*What you should do*
The answer is the exact run of lines in the listing below from the line containing "New York Rangers" up to and including the line containing "Polka Dots - Tangelo", with pictures removed.

*Supplied data*

++++++++

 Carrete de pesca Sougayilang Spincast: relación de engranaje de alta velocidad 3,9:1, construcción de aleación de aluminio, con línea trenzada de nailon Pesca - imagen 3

++++++++

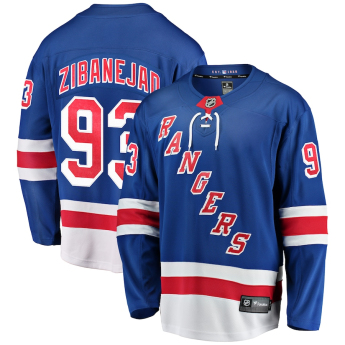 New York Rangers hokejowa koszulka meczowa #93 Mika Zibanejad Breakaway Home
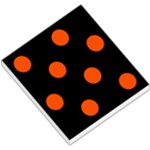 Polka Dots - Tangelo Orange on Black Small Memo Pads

++++++++

*Solution to this task*
 New York Rangers hokejowa koszulka meczowa #93 Mika Zibanejad Breakaway Home
 Polka Dots - Tangelo Orange on Black Small Memo Pads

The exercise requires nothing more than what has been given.